When fava beans showed up in my basket this week I knew I was going to be the only one in this house that would eat them. As I have mentioned before fava beans are a lot of work. They are a lot of work UNLESS you put your two kids to work shelling beans. I put the bowl of beans between them and they had a blast shelling the beans. It was a an hour packed with lots of giggles and really cute brother sister time. Brad may have mentioned the 60 minute segment and putting underage kids to work in the fields but, because there was laughter and no sun beating down on them I did not feel bad cleaning the kitchen while they worked on the beans. This salad packs a lot of vegetables with a fresh springtime taste. It is good both hot and cold and would probably be good with a bit of feta or goat cheese sprinkled on top.

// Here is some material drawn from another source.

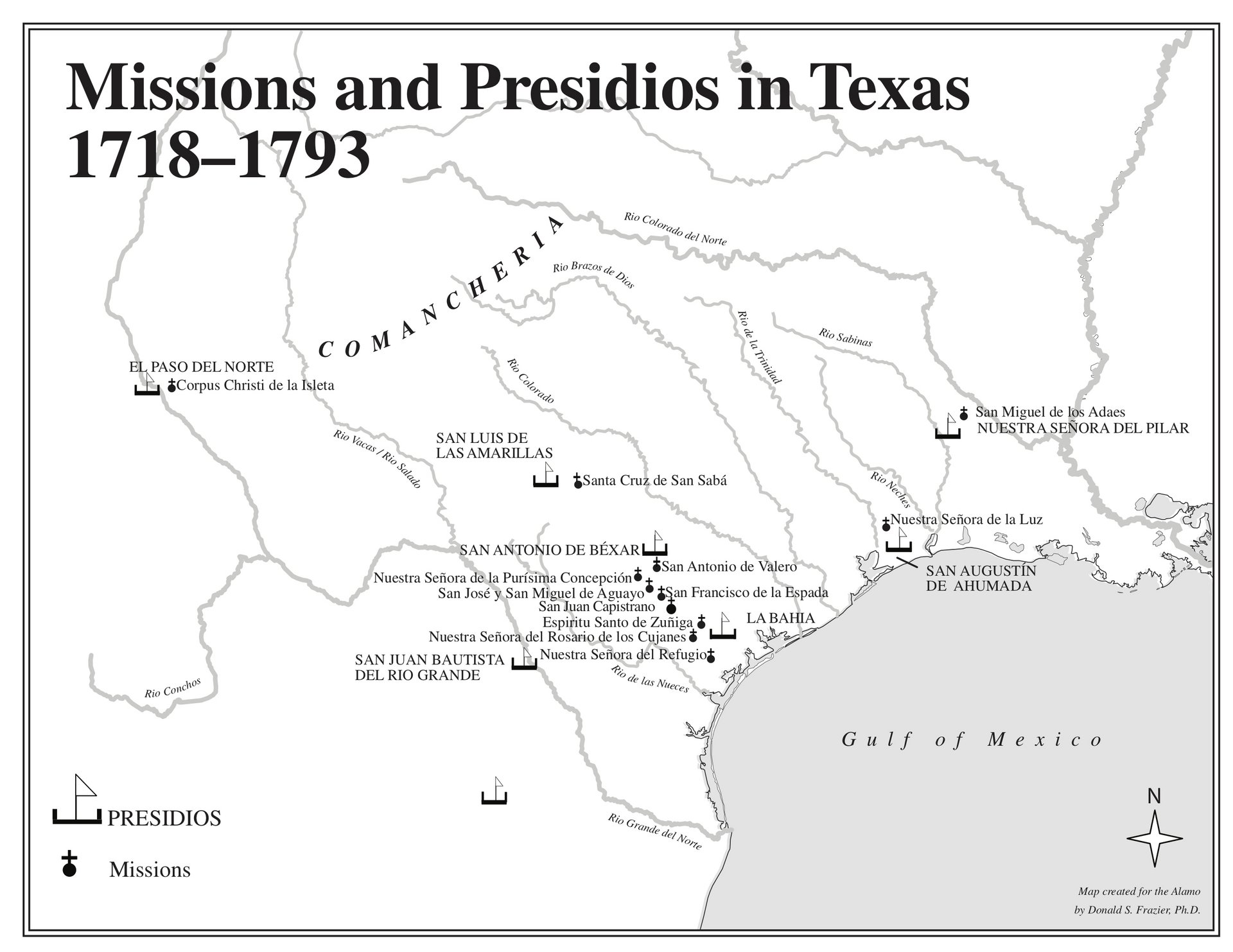 Mapping Texas History The Alamo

quinoa salad with artichoke hearts and fava beans
source: sweet flours
1 pound fava beans, shelled (1 cup)
1 tablespoon olive oil
1 cup chopped sweet onion
1/2 teaspoon chopped fresh thyme
6 oz frozen artichoke hearts, thawed
1 cup chicken broth
1/2 cup uncooked quinoa
1/4 cup chopped fresh flat leaf parsley
grated lemon rind of 1 large lemon
fresh lemon juice from zested large lemon
1/4 teaspoon kosher salt
Remove the outer shell from the fava beans.

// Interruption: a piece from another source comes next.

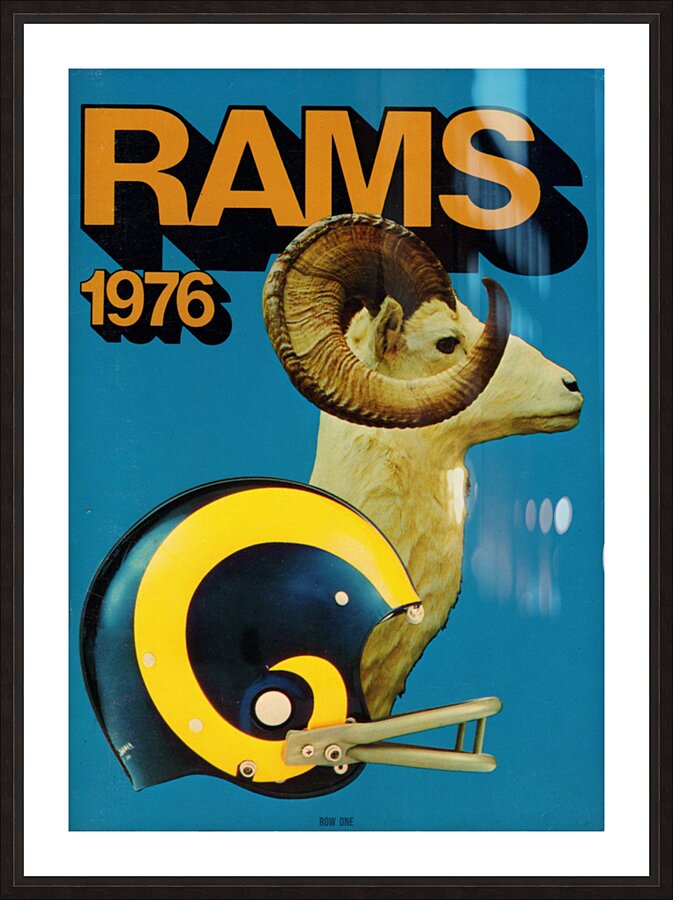 1976 Rams  Picture Frame print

Bring 2 quarts of water to a boil and add 1/2 tablespoon of salt. Add the shelled beans, simmer for 5 minutes. Remove beans from the hot water and place in a bowl of ice water to stop the cooking and to shock the beans into maintaining their bright green color. When the beans have sunk to the bottom of the bowl of ice water, take them out and remove the outer pod.
Heat oil in a medium saucepan over medium-high heat. Add onion and thyme; sauté 5 minutes or until onion is tender. Add artichokes; sauté 2 minutes or until thoroughly heated. Add broth and quinoa; bring to a simmer. Cover and cook 15 minutes or until liquid is completely absorbed.
Remove pan from heat. Stir in beans, parsley, rind, juice, and salt. Serve warm or at room temperature.